Within the context of smoking history, the study identifies discernible trends aligning with expectations in the lung cancer population. Older individuals and those diagnosed with small cell lung cancer exhibit a higher likelihood of having a smoking history, reflecting historical patterns of smoking prevalence. The research reaffirms existing evidence linking smoking history to internalized and perceived stigma. Intriguingly, participants over the age of 70 demonstrate a reduced likelihood of experiencing all types of stigma, possibly indicating the normalization of smoking during earlier periods when anti-tobacco campaigns were less prevalent.
Despite the association between smoking history and various dimensions of stigma, the study unveils a nuanced finding: no direct association emerges between smoking history and emotional functioning. Instead, the primary driver of emotional distress is identified as the guilt and blame associated with lung cancer stigma. This underscores the complex interplay of psychological factors in shaping the emotional experiences of individuals facing a lung cancer diagnosis.

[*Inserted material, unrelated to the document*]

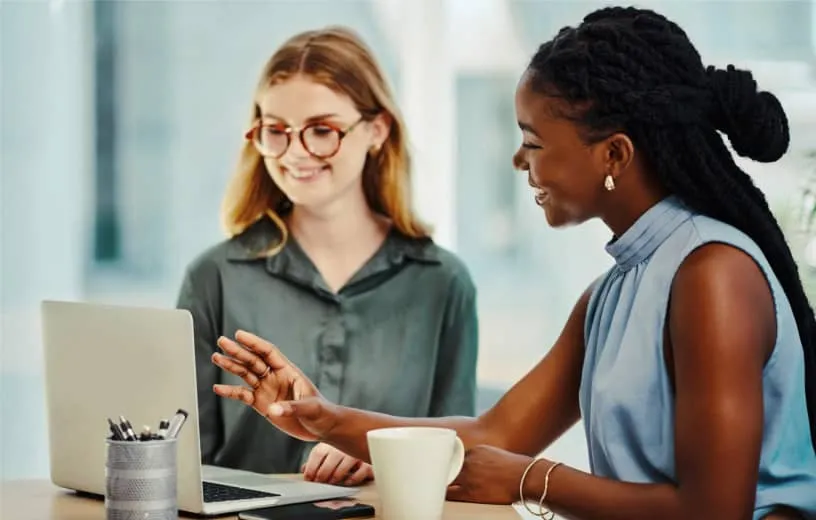 Two female colleagues discuss about customer relationships strategies in front of a laptop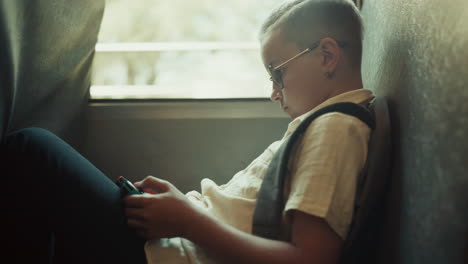 School-boy-using-gadget-playing-games-in-school-bus.-Child-sitting-at-bus-window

A notable revelation from the study is the prevalence of constrained disclosure, where individuals opt to withhold their lung cancer diagnosis from others. Strikingly, this behavior is associated with reduced emotional functioning, including heightened anxiety and depression. Importantly, this association holds true regardless of smoking history, shedding light on the specific subtype of stigma related to disclosure practices.
The study emphasizes the need for healthcare providers to recognize the profound impact of lung cancer stigma on the emotional well-being of patients. It underscores that individuals, irrespective of their smoking status, may grapple with stigma, influencing their treatment adherence and overall quality of life. The research advocates for targeted interventions, such as empathic communication training for healthcare providers and acceptance and commitment therapy for those experiencing internalized stigma. Additionally, the study suggests that interventions may need to be tailored to address the distinct challenges posed by constrained disclosure, indicating a potential gap in current psychosocial care approaches.
Acknowledging its limitations, including potential biases in the online registry data and overrepresentation of certain demographic groups, the study serves as a significant contribution to the body of literature on lung cancer stigma. It calls for a comprehensive, interdisciplinary approach to interventions across the entire lung cancer continuum, recognizing and addressing the diverse subtypes of stigma that individuals may encounter during their cancer journey.